Peer-to-peer lending offers significant benefits to both borrowers and lenders.  Through peer-to-peer lending borrowers are able to access funds at rates that typically range from 10% to 16%, which compare very favorably to credit card advances, which are often over 25% annually or short-term consumer loans, which are often made at over 100% interest per year.  Peer to peer lenders also realize significant potential benefits.  Compared to the estimated return typically earned on cash deposits, which can range from 2% and below, peer-to-peer lending offers lenders a chance to participate in investment opportunities with much higher returns.  Peer-to-peer lending also offers socially positive benefits to lenders that many find attractive.

Via our website, we provide screening and credit checks on borrowers and allow lenders to select the types of borrowers they wish to consider for loans. The process of credit, background and identity checks, processing of the loan applications, the matching of borrowers and lenders, the tracking of loan payments, and other related functions are handled on a completely automated basis allowing us to incur extremely low overhead costs, likely resulting in meaningful operating margins.

Borrowers pay a $49 "Borrower Application Fee". Lenders pay an annual Lender Administration Fee of $9 per loan of which they are a Lender. Users of the website will also pay a $0.99 "EFT/ACH Transfer Fee" for all ACH transactions.  While these fees constitute the initial revenue model, we believe it is highly likely the company will develop additional revenue streams in the very near future with website advertising, credit card and auto loan origination and/or referral fees likely showing the most realistic near-term potentials.
 
We had $126 in revenues during the three months ended April 30, 2011 and $624 revenues during the three months ended April 30, 2010. Our expenses during that time incurred general and administrative expenses in the amount of $131,257 and $112,359, respectively. These expenses occurred developing our Web technology and establishing the necessary infrastructure to launch our services.  Our auditors have raised substantial doubt as to our ability to continue as a “Going Concern” as we have generated limited revenue since 2005 and at April 30, 2011 and January 31, 2011, the Company had accumulated losses of $8,674,045 and $9,035,673, respectively. Our continued existence is dependent on our ability to generate sufficient cash flow from operations to support our daily operations, as well as, to provide sufficient resources to retire existing liabilities and obligations on a timely basis.
 
 
7

 
 
Plan of Operation
 
During the next twelve months, we expect to take the following steps in connection with the further development of our business and the implementation of our plan of operations:

1)  
We plan to remain compliant to facilitate consumer loans in all 50 states and obtain licenses where required;

2)  
We will establish a marketing relationship with a Search Engine Optimization company to give us maximum Web exposure;

3)  
We will also continue to establish and maintain our relationships with realtors, accountants, attorneys, etc they can help to send us business; and

4)  
We will continue to pursue a major funding through a hedge fund or broker dealer to enable us to accelerate our business plan.
 
Over the next 12 months, we anticipate our expenses could range from $300,000 to $3,600,000, depending upon financing and the acceleration of our business plan.

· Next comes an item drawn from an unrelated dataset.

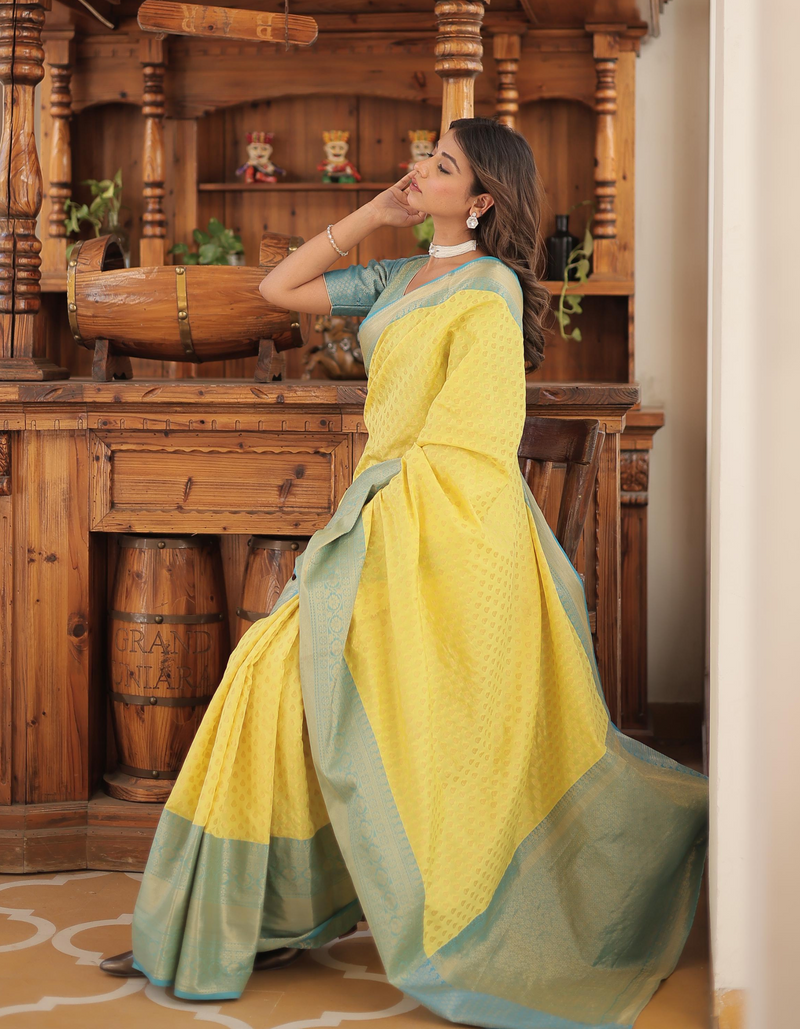 Captivating contrast in sky blue and dark yellow Kanjivaram saree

If we do not obtain additional funding, we will continue to operate on a reduced budget until such time as more capital is raised. Under this reduced budget, our expenses may be $300,000 for the next 12 months.

If we obtain a large financing in the future, we would accelerate our business plan and hire up to 9 more staff members, increase our office space and operations, and increase our advertising and marketing budget, all of which would directly affect the performance of the company.

Results of Operations
 
As of the quarter ended April 30, 2011, we had cash on hand of $224,857 and our total assets were $411,799. Our total liabilities consisted of an accounts payable in the amount of $60,000, accrued interest of $3,932, derivative liabilities related to convertible debts and outstanding warrants of $1,153,368, short-term convertible notes payable, net of discounts aggregating $174,705, with $260,000 due on September 16, 2011.  With the continued losses and a resulting accumulated deficit of $8,674,045, we have $980,206 in shareholder’s deficit.  We are currently operating at a loss and we have a loss from operations of $131,131 for the three months ended April 30, 2011. Our auditor has expressed doubt as to whether we will be able to continue to operate as a “going concern” due to the fact that the company has not had significant revenue since 2005 and will need to raise capital to further its operations. We do not expect to be able to satisfy our cash requirements to continue to operate over the next twelve months unless we obtain additional funding or our revenues significantly improve. If the market does not begin to improve, we will need to raise additional funds to continue to operate as a “going concern.” There is no guarantee that we will be able to raise additional funds and if we are unsuccessful in raising the funds, we may be forced to close our business operations.
 
 
8

 
  
Over the next twelve months, we do not plan to purchase or sell any product or significant equipment. We do not own any products or equipment and we do not rely on any equipment or expensive product to operate in the Person-to-Person Lending Market. Therefore, it is not anticipated that we would have any significant cost associated with a new product or service. 
 
Liquidity and Capital Resources
 
As of April 30, 2011, we had cash of $224,857.  However, due to the current instability of the credit market and our limited history with limited revenue, we will require additional funds to continue to operate. We will continue to operate on a reduced budget until such time as more capital is raised.  We have no written agreement with Management to legally insure that they will provide the funding for our operations. Although we have no commitments for capital, we may raise additional funds through:

-  
public offerings of equity, securities convertible into equity or debt,

-  
private offerings of securities or debt, or other sources.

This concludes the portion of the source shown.